There is a pattern here. Congress cannot manage its infighting; BJP sees potential and stokes it further. That is natural in competitive democracy. But then, the centre goes further and uses pliable governors to start distorting the rules of the game. The aim is to enable a change in the balance of power in the state. This is where BJP ends up flirting with constitution and legality.
Make no mistake. If any party has been a master at this game, it is the Congress. The use of Article 356 to dismiss unfriendly governments of other parties, engineer defections and use pliable governors as puppets was an art perfected by the grand old party.
But the BJP has shown it is no different.
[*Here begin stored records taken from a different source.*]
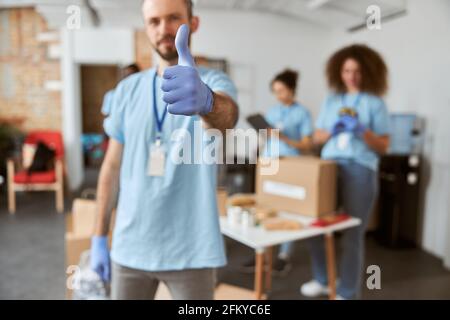 Homme volontaire en uniforme bleu et gants de protection montrant les pouces vers le haut à l'appareil photo. Tri en équipe, emballage des articles dans des boîtes en carton Banque D'Images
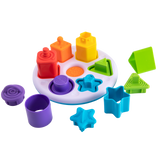 The Plugzy Shape Learning Toy by Fat Brain Toy Co boosts sensory learning with shapes and slots on a white circular base.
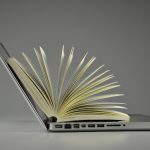 image of a laptop and a book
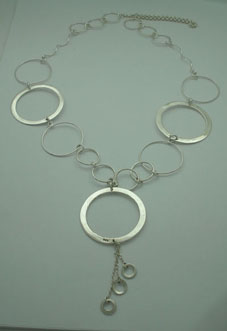 Necklace of circles of wire and smooth with spiral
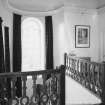 Interior. Detail of staircase at first floor level showing balustrade and coved ceiling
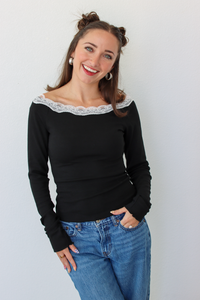 A woman with her hair in two buns is wearing a black off-the-shoulder long-sleeve top with a white lace trim and blue jeans, standing against a plain white wall.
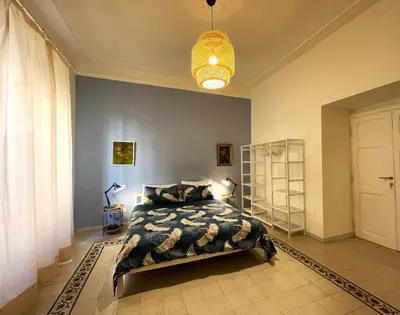 a bedroom with a bed and a chandelier at Enjoy Colosseo in Rome
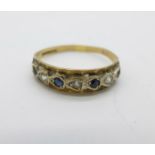 A 9ct gold half eternity ring, 1.1g, M/N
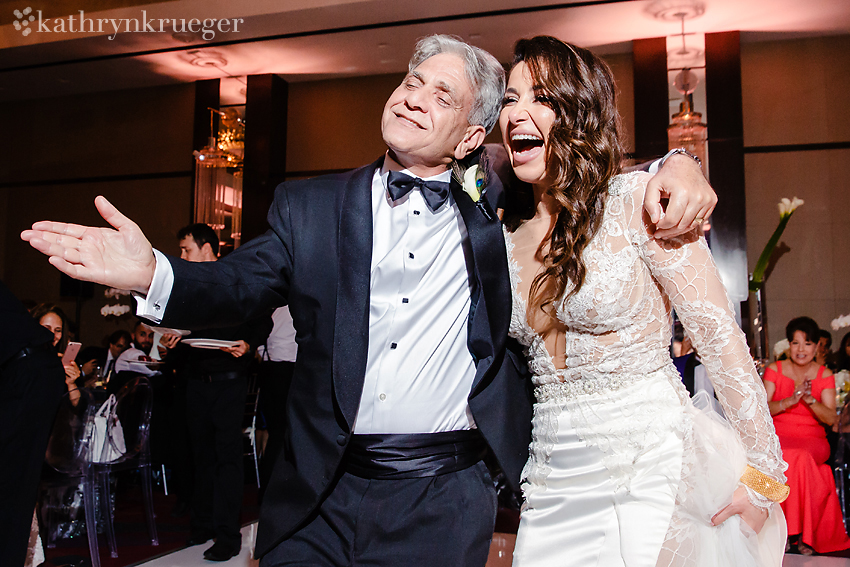 bride dances with father in law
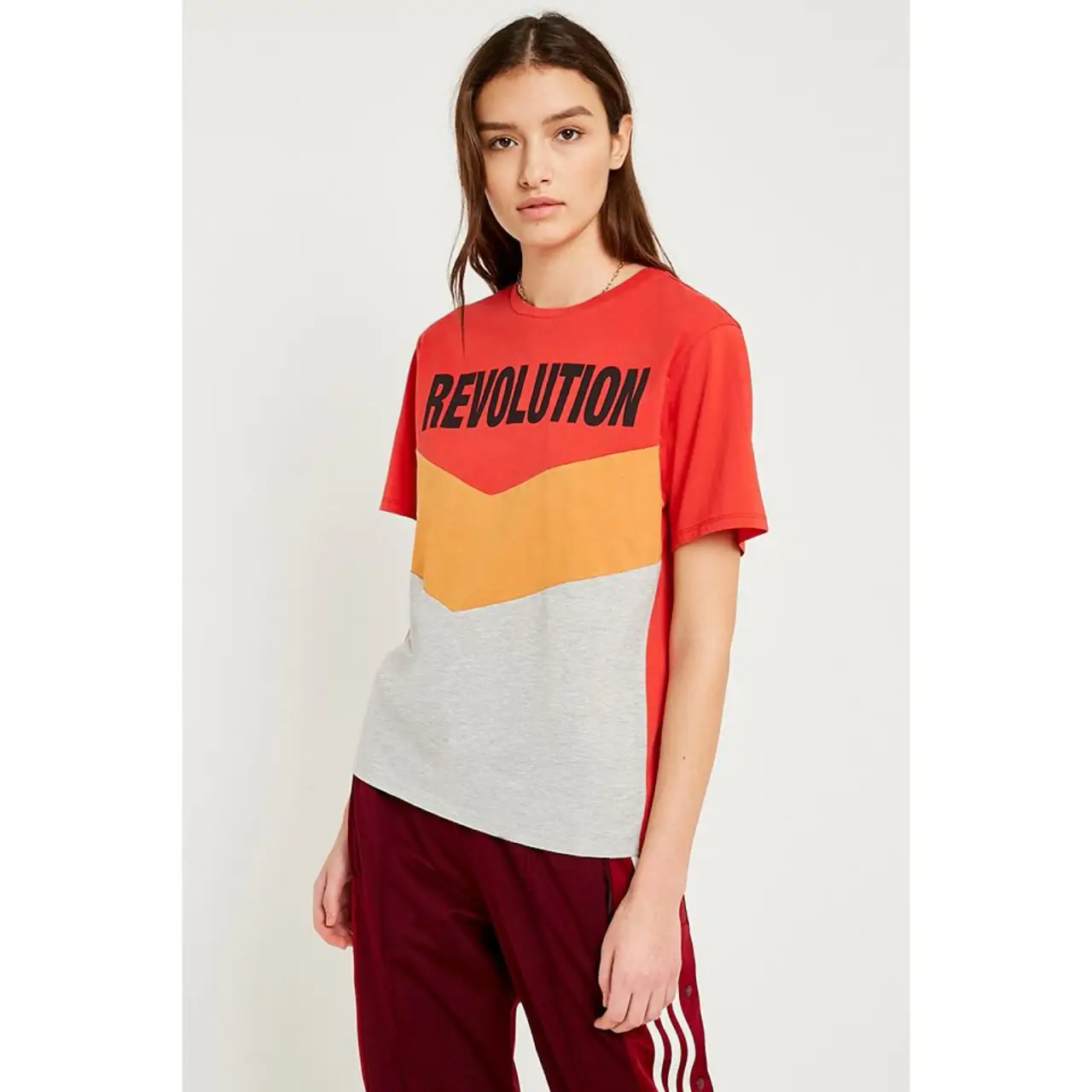 Remera de mujer con diseño "Revolution" en bloques de color. Corte clásico, manga corta y cuello redondo. Ideal para un look casual y moderno.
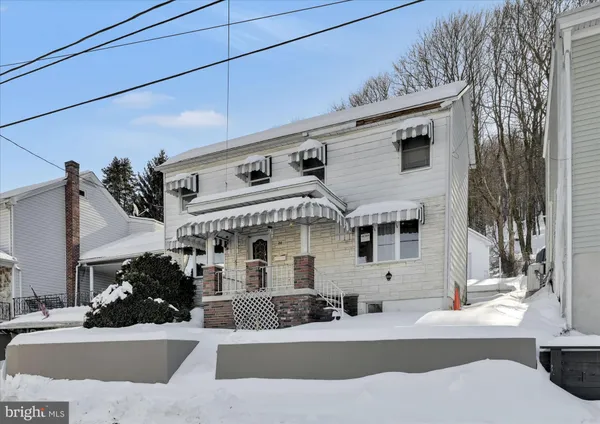 a front view of a house with a outdoor space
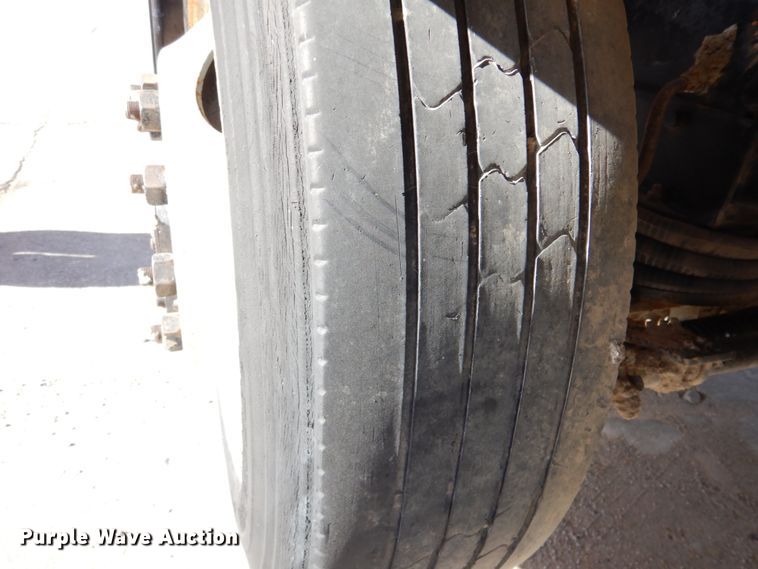 image for item DN2563 2000 Mack DM690S  ready mix truck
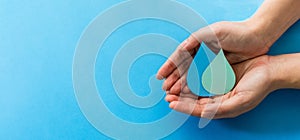 woman hands holding paper cut water drops on a blue background - clean water and sanitation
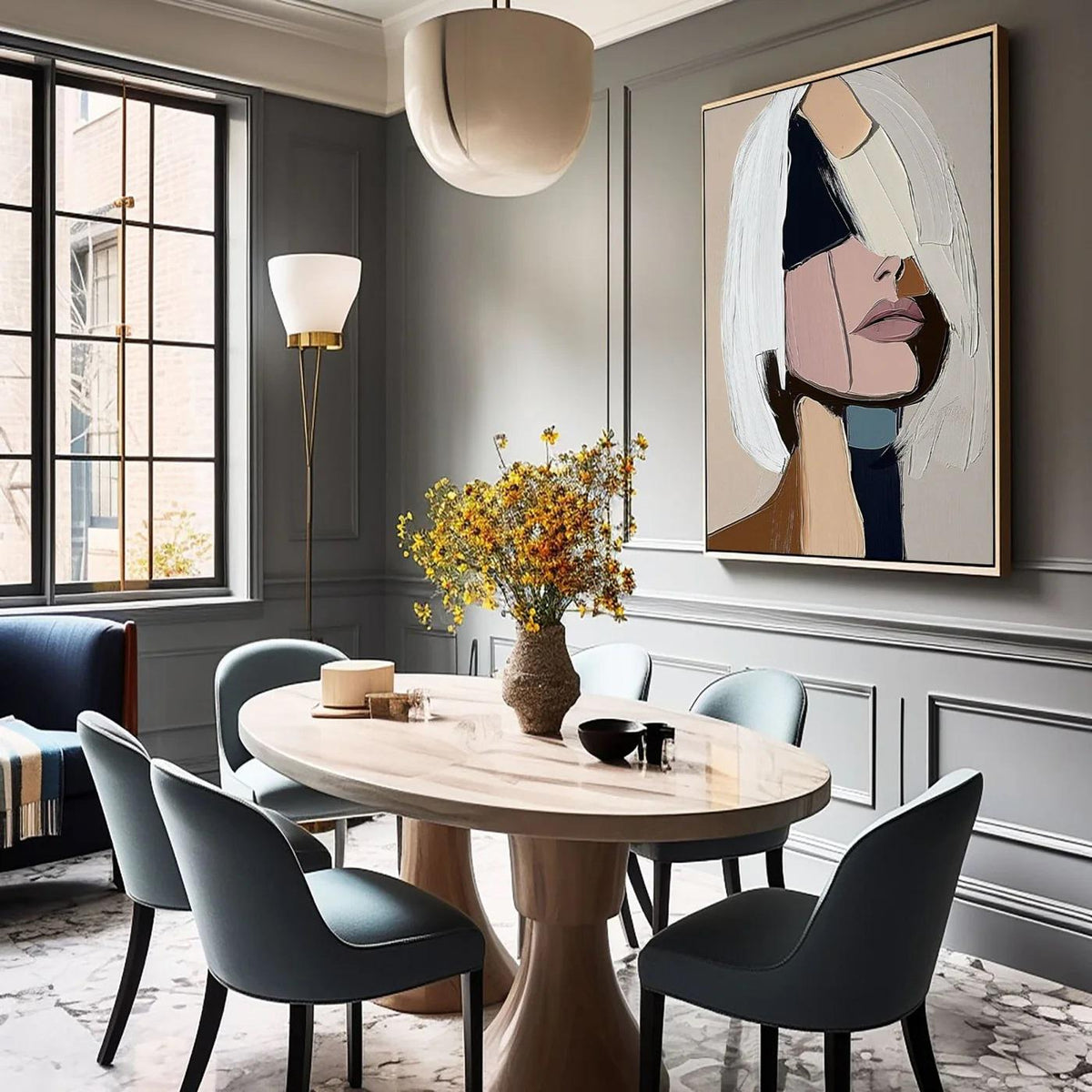May include: A dining room featuring a light wood oval table with six teal chairs. A large abstract painting hangs on the wall. A vase of yellow flowers sits on the table. A modern floor lamp and a large window are also visible.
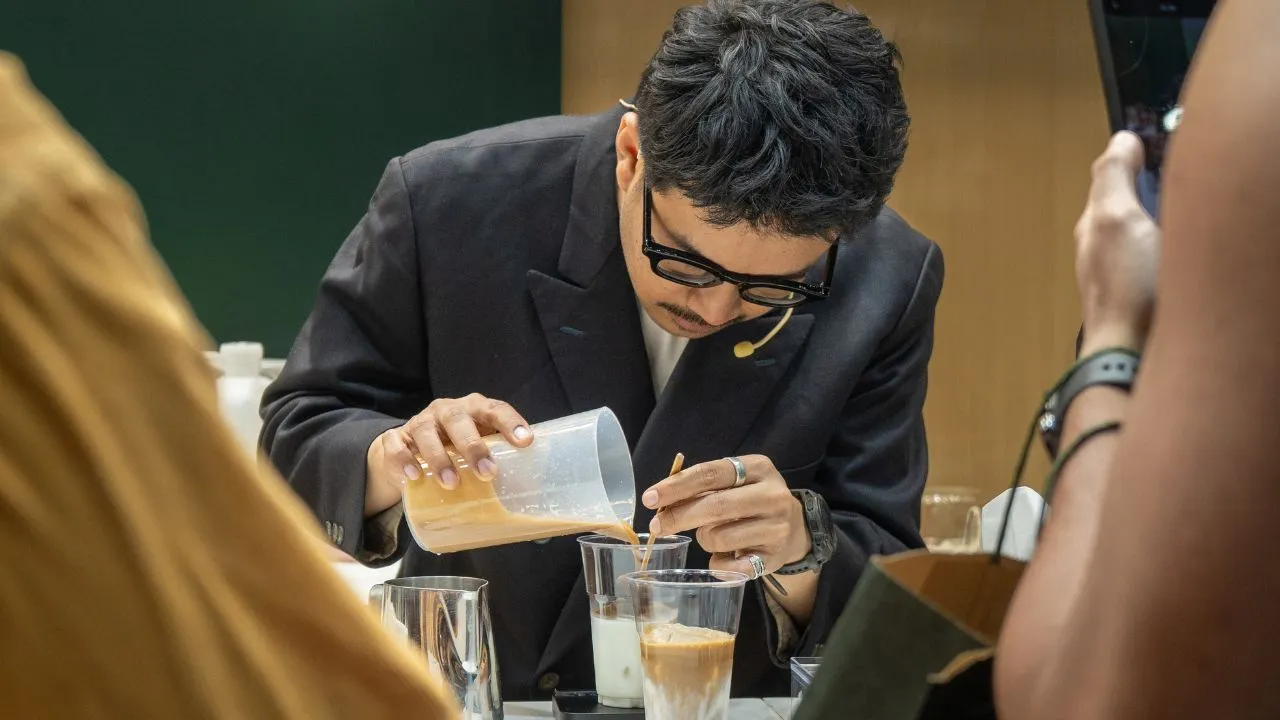 Muhammad Aga, 2025 World Espresso Champion and two-time Indonesian Barista Champion, leading coffee brewing and presentation at the Bali Origins booth.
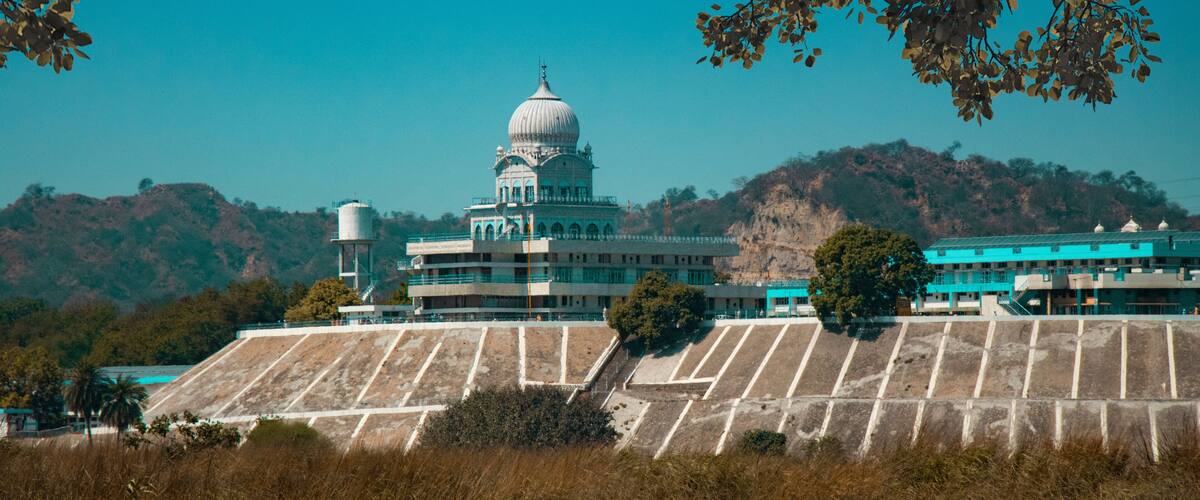 A large building with a dome, surrounded by dry grass and hills.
For a party that claims to be committed to cooperative federalism, it shows little hesitation in using any opening it can see to maximise power in states outside its control.
The BJP under Amit Shah is a dynamic party. It is constantly thinking of ways to expand its social base and geographical reach- this is more than you can say about the Congress at the moment. But what the BJP has to understand is that the only sustainable way to expand its base is through the hard work of democratic politics.
Look at the irony. The BJP top brass, including Shah and strategist Ram
Madhav, are scheduled to be in Guwahati to formally launch North East Democratic Alliance to mark a push in the region. The Assam victory was a big breakthrough for the party. It has allowed it to become a serious player in the region for the first time. All the headlines however would not be about the political push - but the political setback in Arunachal Pradesh.
There is a simple lesson here for the party.
Continue investing organisational energy in expanding through legitimate political means. Abusing central power and playing games to topple governments in the middle of their terms through suspect methods is counter productive. And this is because Indian federalism today is deeply rooted, and institutions of accountability--particularly the courts--are so strong that it is difficult to get away with executive excesses. Being ambitious is good for a party. But there are ways to achieve those ambitions. Playing foul will not yield those goals.